My question is not about the type of nullptr that is nullptr_t , my question is how does new nullptr_t() make sense ?
Does that allocate memory for an object of type
nullptr_t?
Yes.
my question is how does
new nullptr_t()make sense ?
From a syntactic point of view, there is nothing wrong with that.
From a semantic point of view, I can't see any sensible use case for it. All instances of nullptr_t are essentially the same from a usage point of view.
But then, someone might come up with a good use case that we have not been exposed to yet.
my question is how does new
nullptr_t()make sense ?
How does this make sense:
struct S
{
};
auto ptr = new S{};
This makes just about as much sense as dynamically allocating a nullptr_t instance. S has no contents, so it has no state outside of its address (two objects of the same type cannot have the same address, usually).
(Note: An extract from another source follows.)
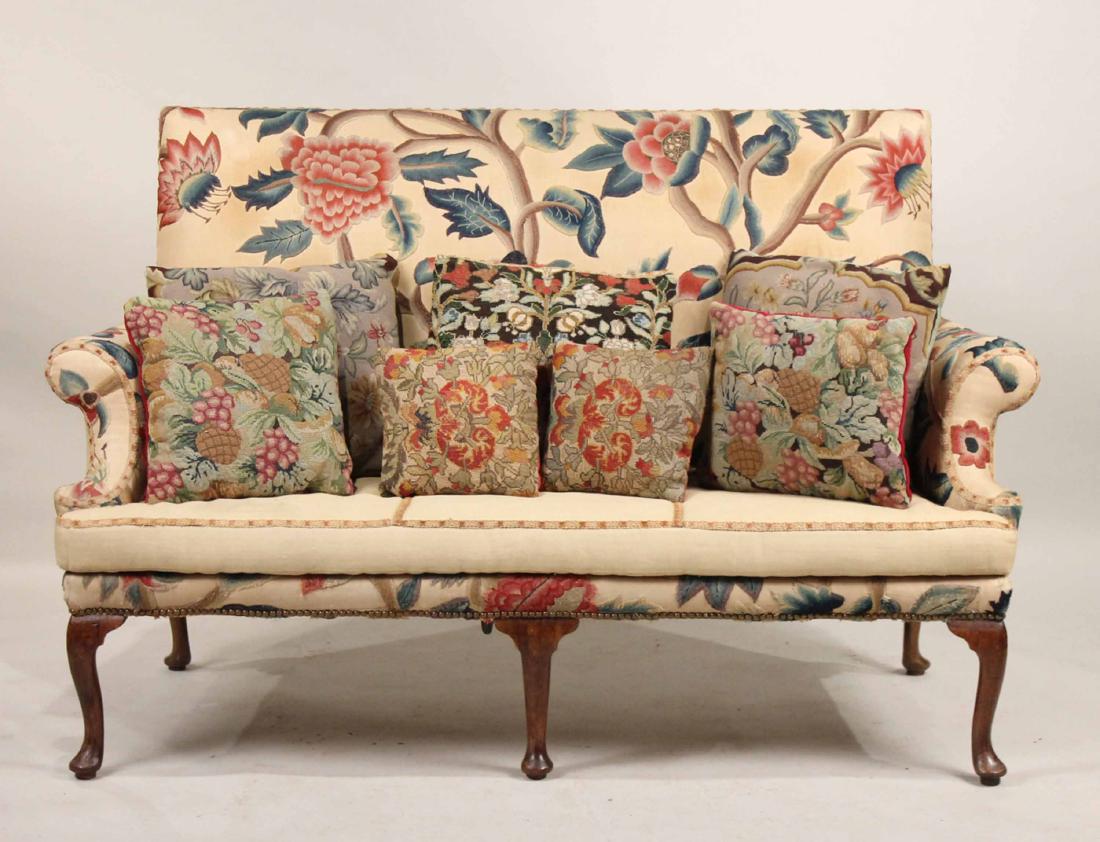 Queen Anne Walnut Cabriole Leg Settee: English, c. 1710-1720, covered in rare 19th century crewelwork. 42"h x 5'6"w x 30"d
So most functions that take an S can take any S instance and yield the same result. Oh yes, nullptr_t has a few more bells and whistles on it, but it is mostly an object type that is distinct from all other object types.
Sure, generally speaking you wouldn't do this deliberately. But if you're in template code, and someone passes nullptr_t as a template parameter, why would you want to make code that does new T{}; fail to compile? It doesn't hurt anything.
If you remove the syntactic sugar, the satement becomes:
std::nullptr_t* t = new std::nullptr_t;
So this just a valid pointer of memory that points to something that is the sizeof std::nullptr_t;